Der Kaffee schmeckte bitter. Ich saß an der kleinen italienischen Bar im Hauptbahnhof, denn wie so oft hatte für ein Frühstück in den eigenen vier Wänden die Zeit nicht mehr gereicht. Diesmal allerdings nicht, weil ich mich noch einmal im Bett herumgedreht hatte oder weil ich zu lange unter der Dusche stand:
Es war kurz nach sieben, als mich der Wetterbericht des Radios aus dem Schlaf holte. Das erste morgendliche Licht fiel durch die kleinen Löcher in der Jalousie und warf bizarre Muster an die weiß getünchte Schlafzimmerwand. Ich versuchte die Nacht von mir zu streifen, doch so oft ich die dünne Bettdecke auch von mir schob, sie blieb an meinem Körper kleben. Gerade wollte ich auf den Nachttisch greifen und meinen Tabak nehmen, als ich erstarrte. Sie spielten ihr Lied, einen Song den ich seit drei Jahren wie eine Reliquie hütete und dennoch nicht hören wollte. Die Crickets hatten „Don't ever change“ im Januar '63 veröffentlicht, ein halbes Jahr später hatten die Beatles es für eine BBC-Show eingesungen. Doch auch als das Lied '94 auf einem der unzähligen Anthologie-Alben erschien, hatten die Radiosender es nicht einmal spielen wollen – bis zu diesem Tag. „You don't know the latest dance, but when it's time to make romance your kisses let me know you're not a tomboy.” Ich sprang aus dem Bett und ging ans Fenster. Auch wenn es nahezu ausgeschlossen war hatte ich das Gefühl, dass sie jeden Moment die Straße entlang käme. Hektisch zog ich an der Zigarette und wartete, bis John auch die letzte Strophe gesungen hatte.
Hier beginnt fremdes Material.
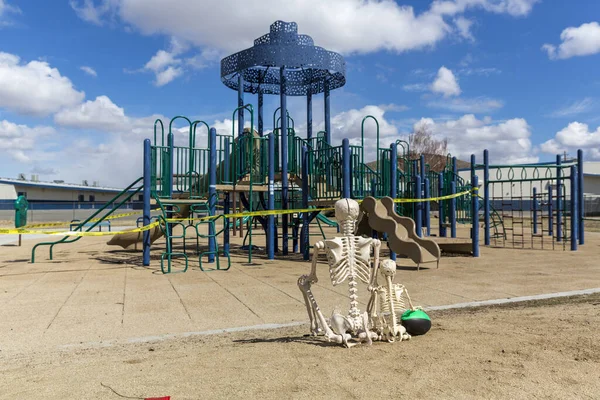 Felnőtt Gyermek Csontvázak Ülnek Egy Üres Zárt Parkban Egy Szép — Stock Fotó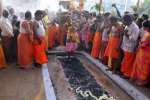 கோத்தகிரியில் குண்டம் விழா அம்மன் பக்தர்கள் பரவசம்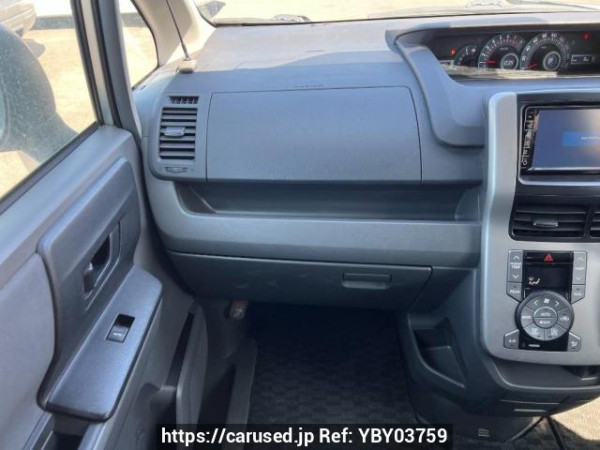 Used 2009 AT toyota noah ZRR75G Image[16]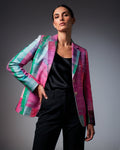 Blazer de mujer multicolor con motivos geométricos. Un diseño versátil y elegalen, ideal para uso diario o eventos formales. Milaches Primavera-Verano 2026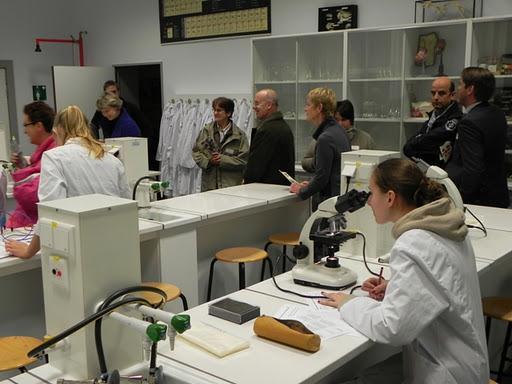 Het werd uiteindelijk een echt experience evenement waarbij de gerenoveerde lokalen tot leven kwamen door de leerlingen zelf: een geslaagd voorbeeld van de school in werking!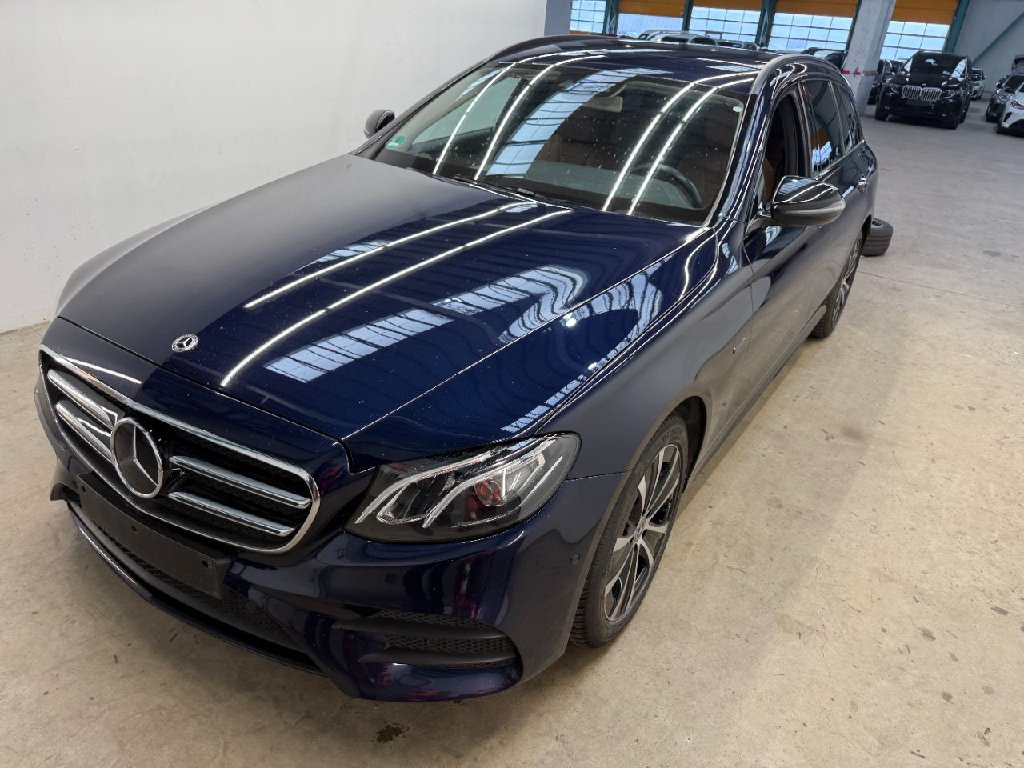 Mercedes E-Klasse E -Klasse T-Modell E 300 de (213.216)AMG 2.0 AMG Line 225KW E6dT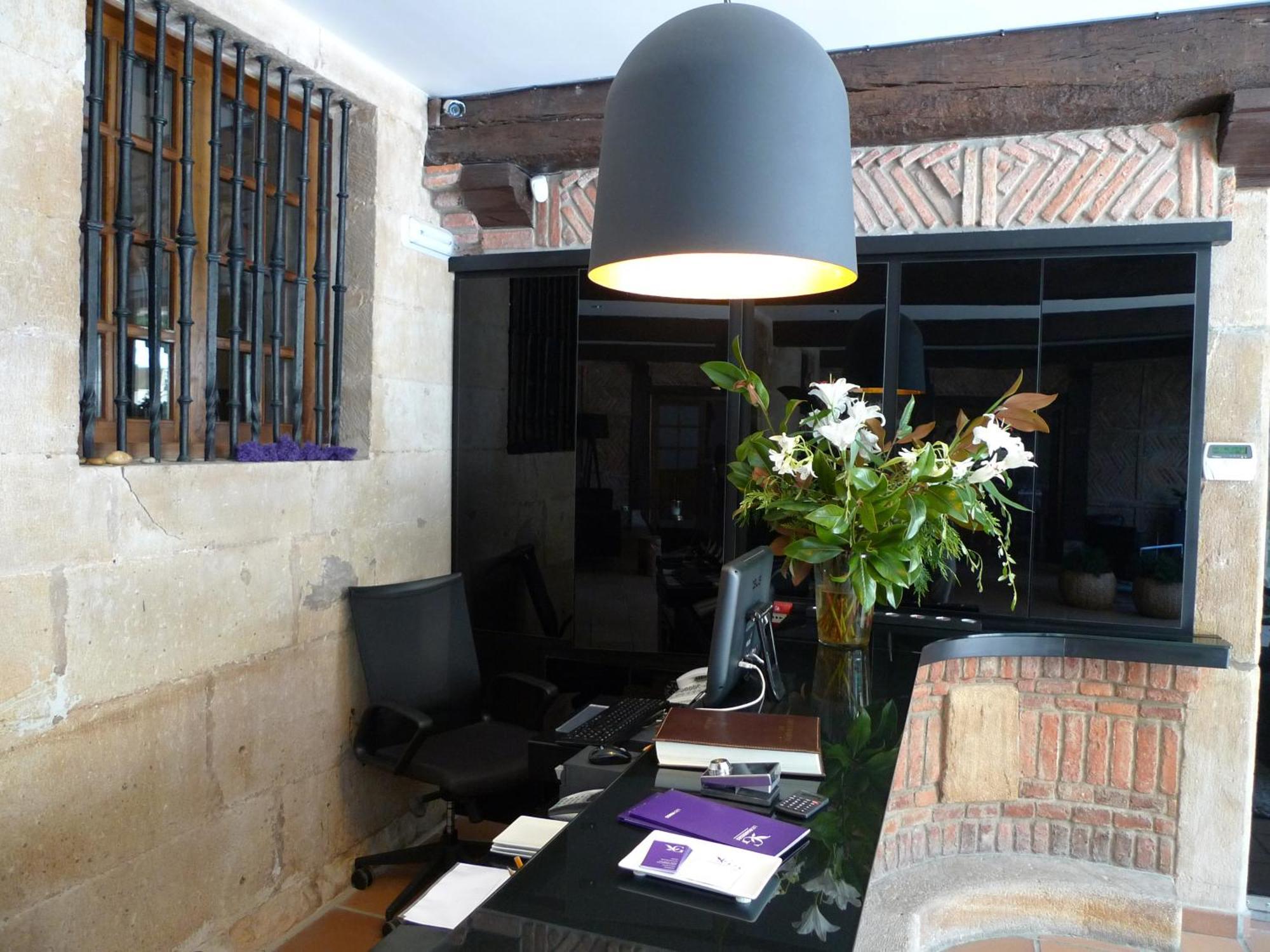 Los Guardeses Solares Business bild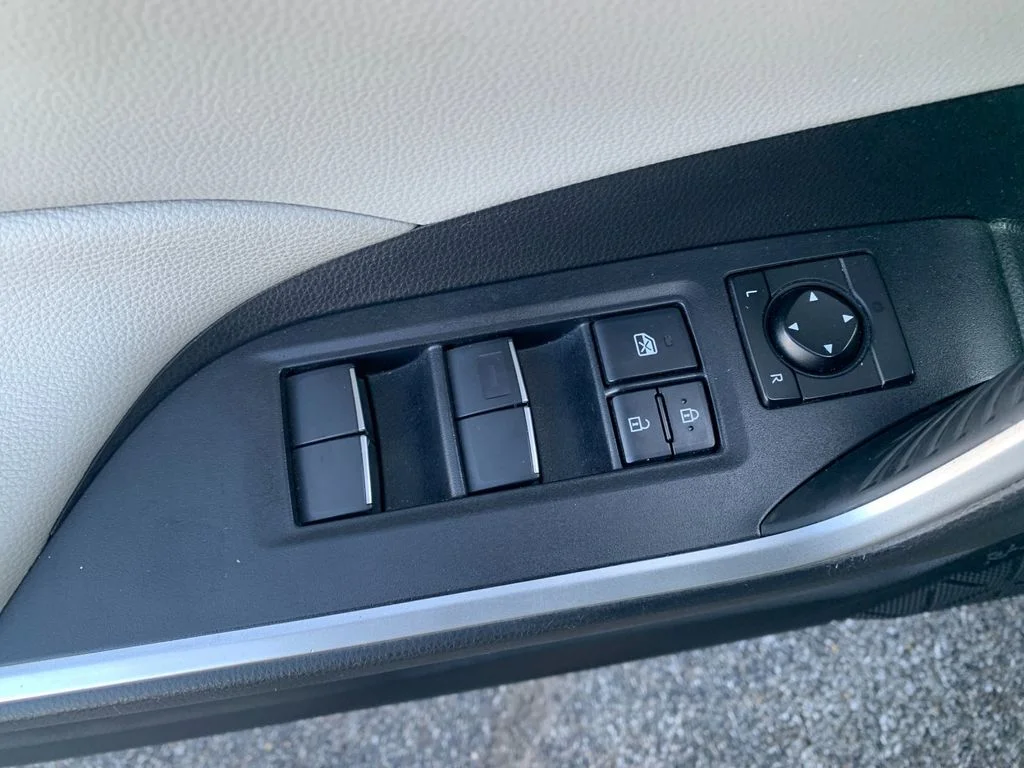Used 2020  Toyota XLE Premium image 13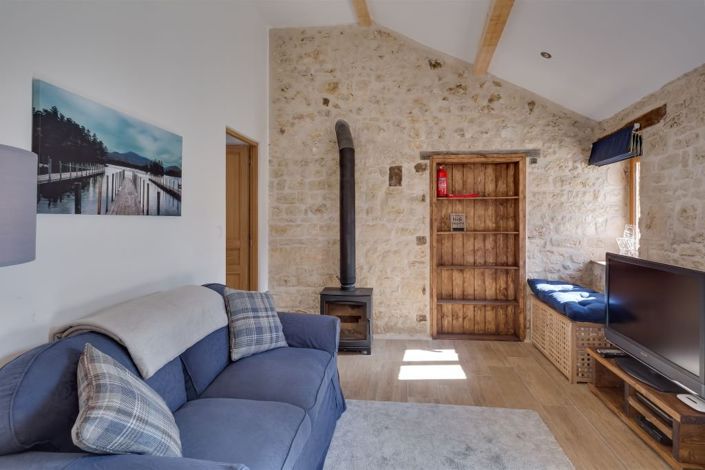 Image No.18-17 Bed Property for sale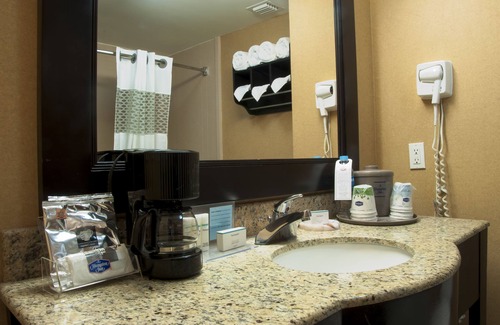 Ciudad Victoria Hotel | Top-Rated Hampton Inn by Hilton Ciudad Victoria with Pool & Spa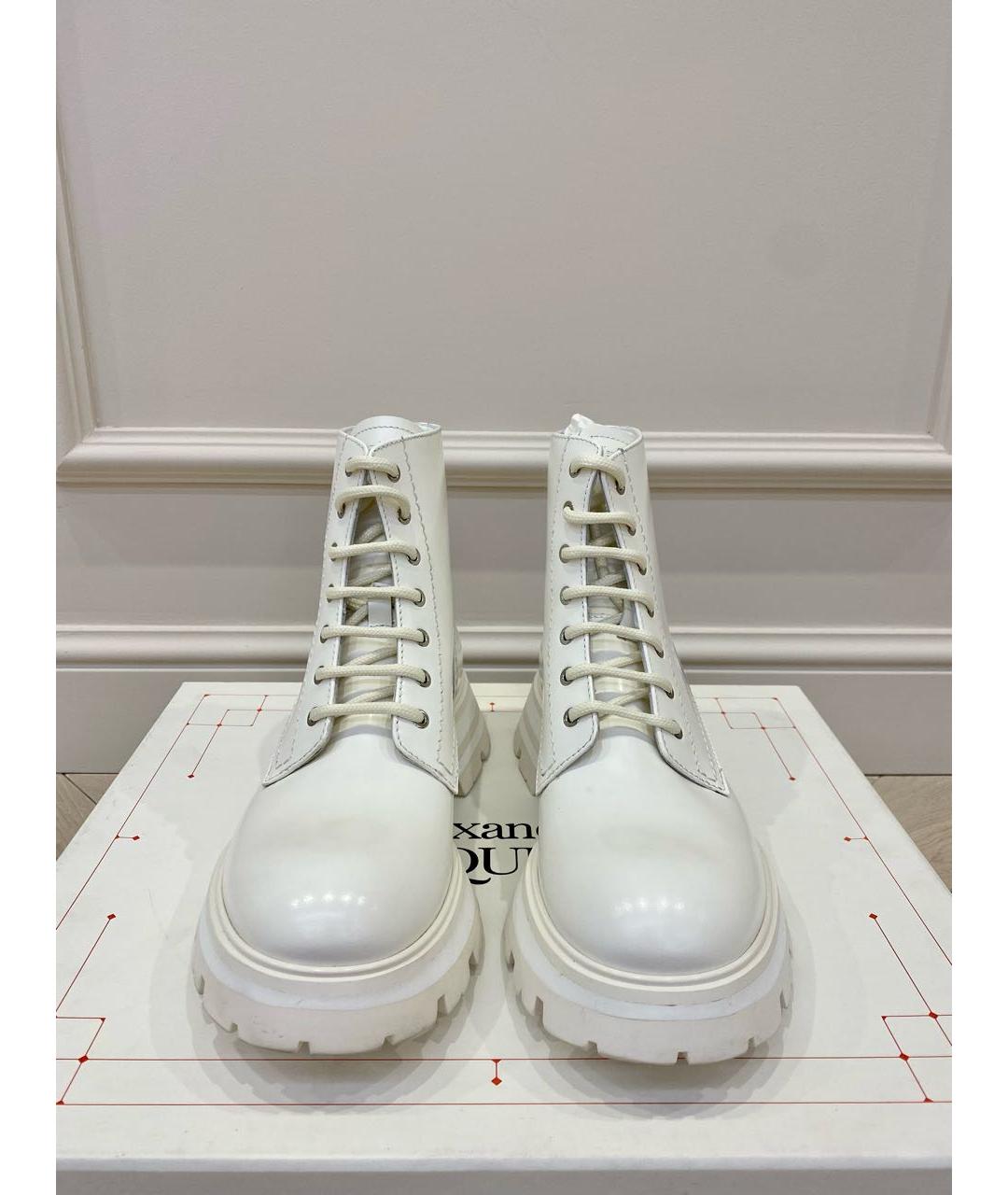ALEXANDER MCQUEEN Белые кожаные ботинки, фото 2
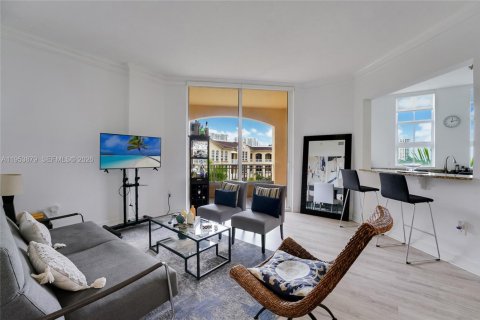 Condominio en venta en Aventura, Florida, 2 dormitorios, 124.77 m2 № 2153295 - foto 2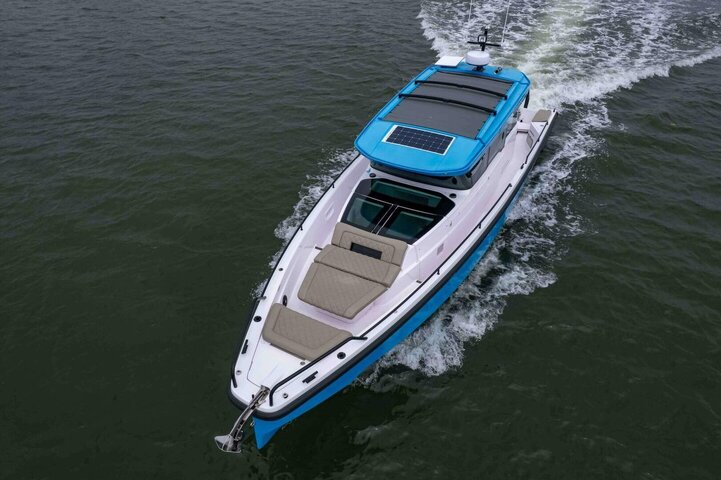 Brabus Line Axopar Xc Cross Cabin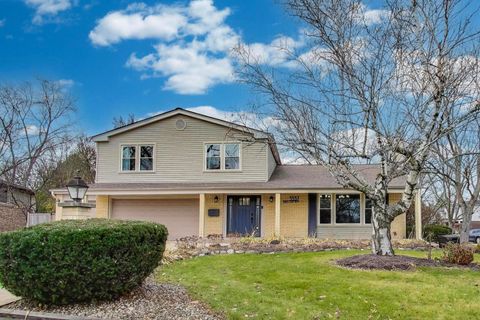 Photo of 3537 Maple Leaf Drive, Glenview, IL 60026 (MLS # 12499630)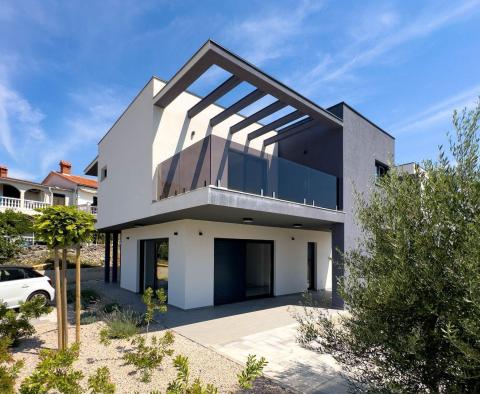 Villa de luxe moderne avec piscine et vue mer, ville de Krk 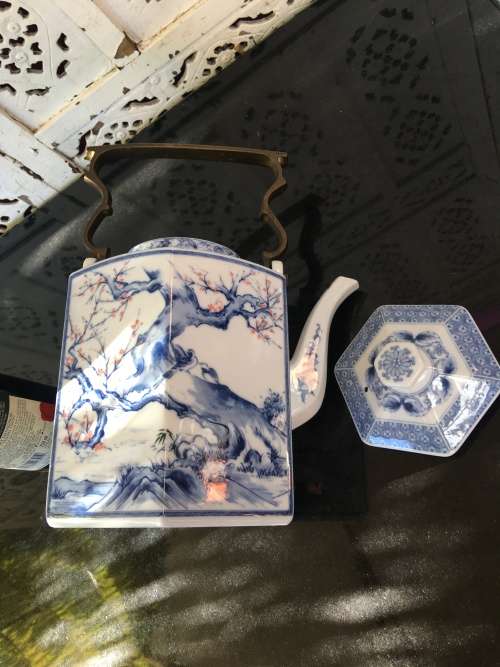 Extra Large Oriental Blue & White Hand Painted Brass Handle Tea Pot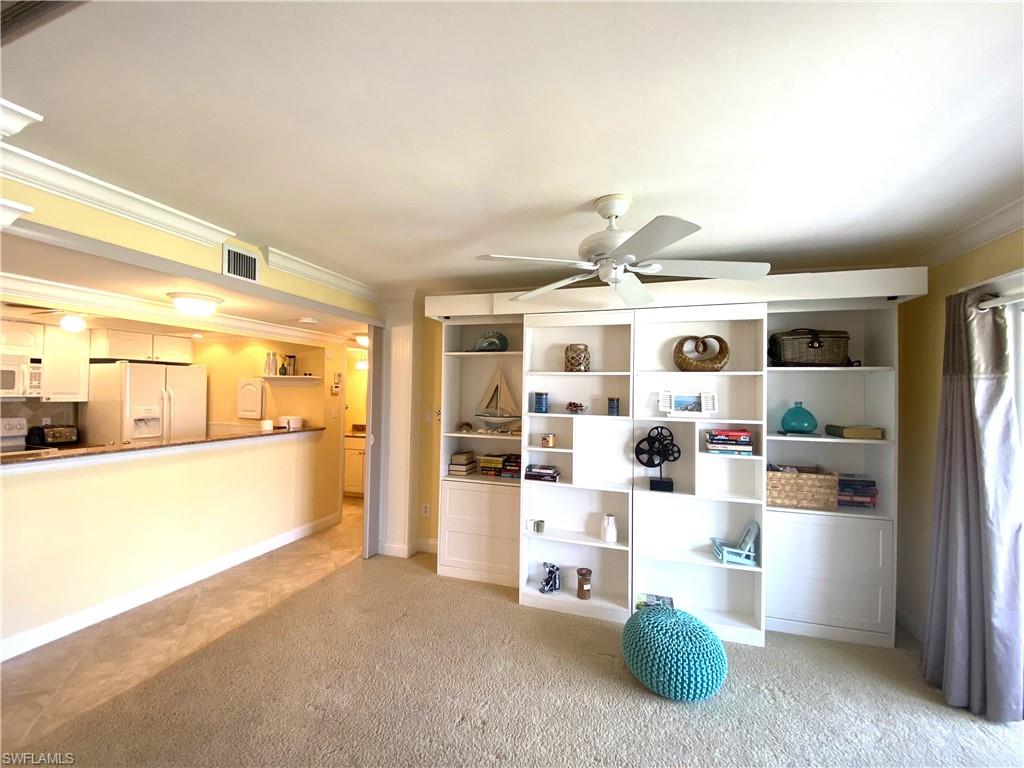 555 Park Shore Dr B-407 Property Photo 13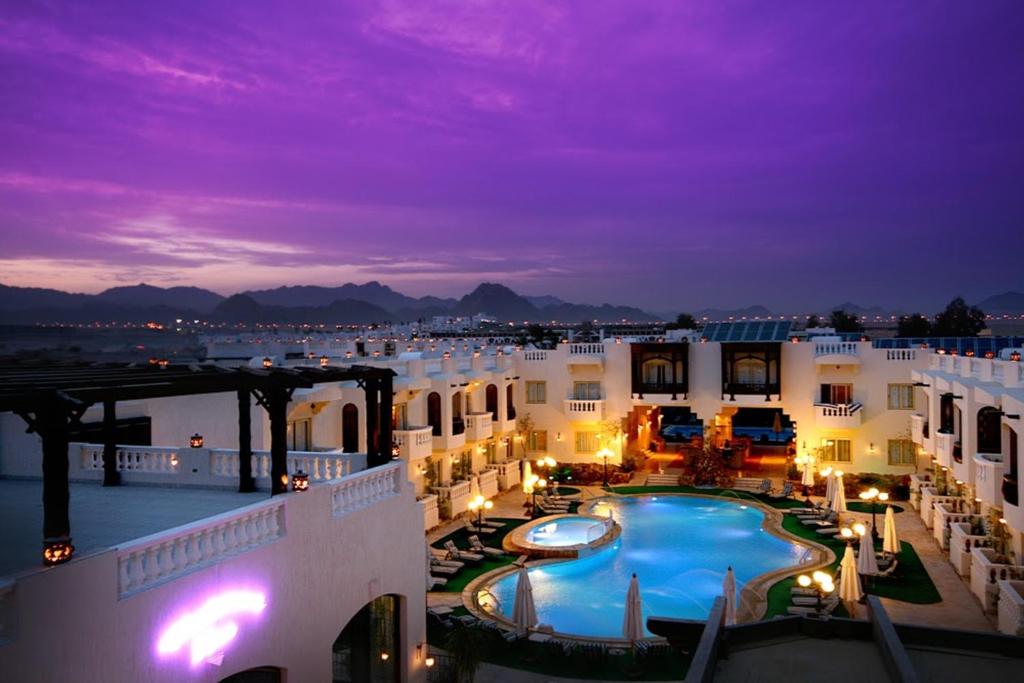 Bazén v ubytování Oriental Rivoli Hotel & Spa nebo v jeho okolí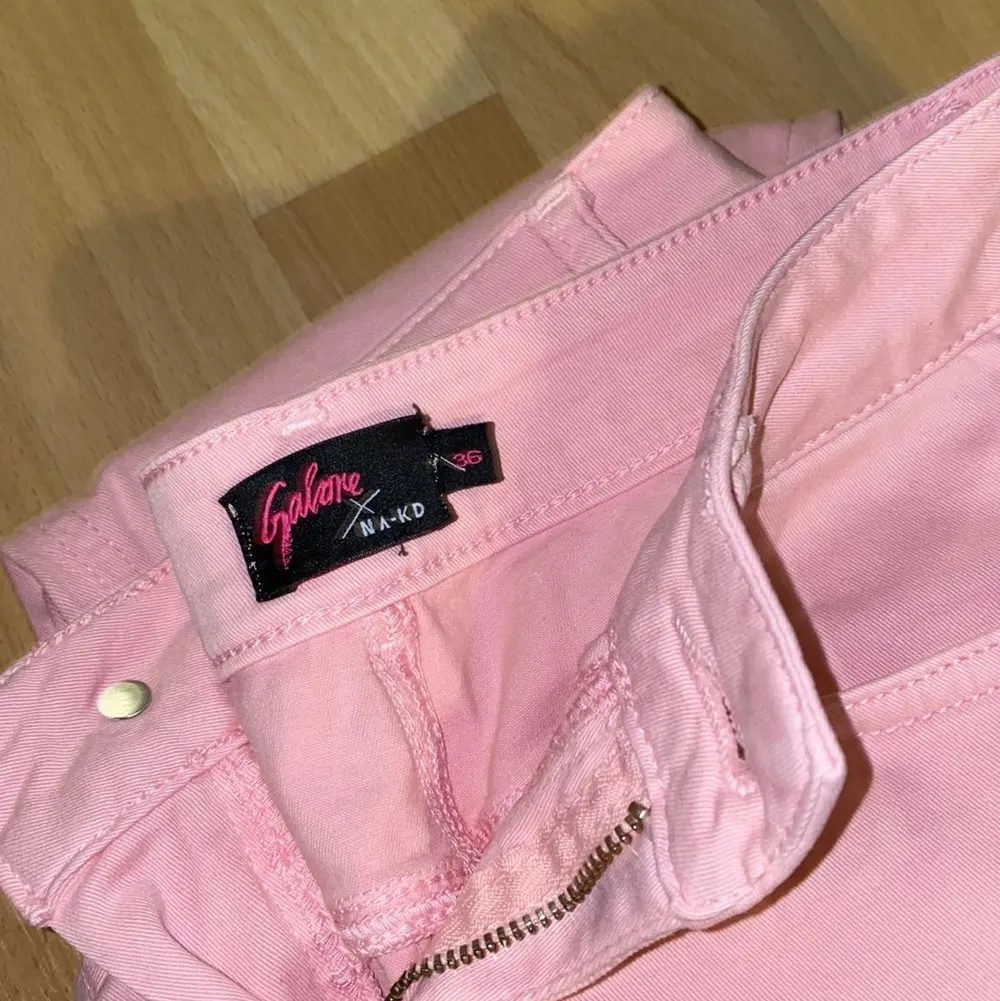 Säljer ett par helt oanvända rosa mom jeans från Na-kd som jag köpte för något år sen. Säljer då dom somsagt aldrig kommit till användning. Storlek 36 men tror även att de skulle passa om man har mot 38 då de är väldigt sköna! Nypris 300kr💕. Jeans & Byxor.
Ich ging in die Küche, stellte die Kaffeemaschine an und sprang anschließend unter die Dusche. „I love you when you're happy, I love you when you're blue, I love you when you're mad at me, so how can I get tired of you?” Die Fab Four waren hartnäckig. Wir hatten dieses Lied an unserem ersten Abend gehört, als wir nach einer Party auf dem Bett in meinem WG-Zimmer lagen, und beschlossen, es zu unserer „Hymne“ zu machen. „You never wear a stitch of lace and powder's never on your face, you're always wearing jeans except on Sunday.” Ich sprang in meine Jeans und warf einen Blick auf die Uhr. Ich hatte noch ganze acht Minuten um zum Bahnhof zu kommen. Meinen Rucksack geschultert stellte ich die Kaffeemaschine ab und sprintete die vier Etagen hinunter auf die Straße. „A lot of other girls I've seen, they know how to treat guys mean. But you would rather die than ever hurt me.” Christian und Alexandra hatten bereits am Tag zuvor gesagt, dass sie mit einer späteren Bahn fuhren, also musste ich die zwanzig Minuten lange Fahrt wohl alleine auf mich nehmen. Drei Jahre war es nun her, dass wir uns getrennt hatten, drei Jahre, in denen ich weder von ihr gehört noch sie gesehen hatte, nicht einmal ihr Lied. Und dennoch hatten die Pilzköpfe es geschafft mir das Gefühl zu geben, das alles sei nur wenige Stunden her. Ich dachte an unsere ersten Tage, an die Spaziergänge am Rheinufer, ich versuchte mir ihr Gesicht bis ins Detail vorzustellen, doch ich merkte schnell, dass es mir nicht gelingen wollte. Die großes Flächen waren schnell ausgemalt, Ihr blondes Haar, die zarten Wangen und die etwas zu groß geratene Nase, doch die scharfen Konturen fehlten, waren im Laufe der Jahre verblasst und nahmen dem Bild, das ich in mir zeichnete, die Form. „Du hast ihr damals geschworen, dass Du Sie niemals vergessen wirst“, dachte ich und starrte aus dem Fenster auf die Bäume, die mit rasender Geschwindigkeit an mir vorbeizogen. „Niemals wolltest Du sie vergessen, und nun ist es schon längst passiert.“ Ich versuchte mir ihre Stimme in Erinnerung zu rufen, doch ich hörte nichts, selbst ihr Duft, den ich so viele Male eingesogen hatte, war verschwunden. Langsam beugte ich mich in Richtung eines vielleicht 17-jährigen Mädchens, das mir gegenüber Platz genommen hatte, um sein Parfum zu erriechen. Es war nicht das, das sie getragen hatte, ihr Parfum war weniger süß, oder weniger holzig? „No don't you ever change. No promise me you're always gonna be as sweet as you are.”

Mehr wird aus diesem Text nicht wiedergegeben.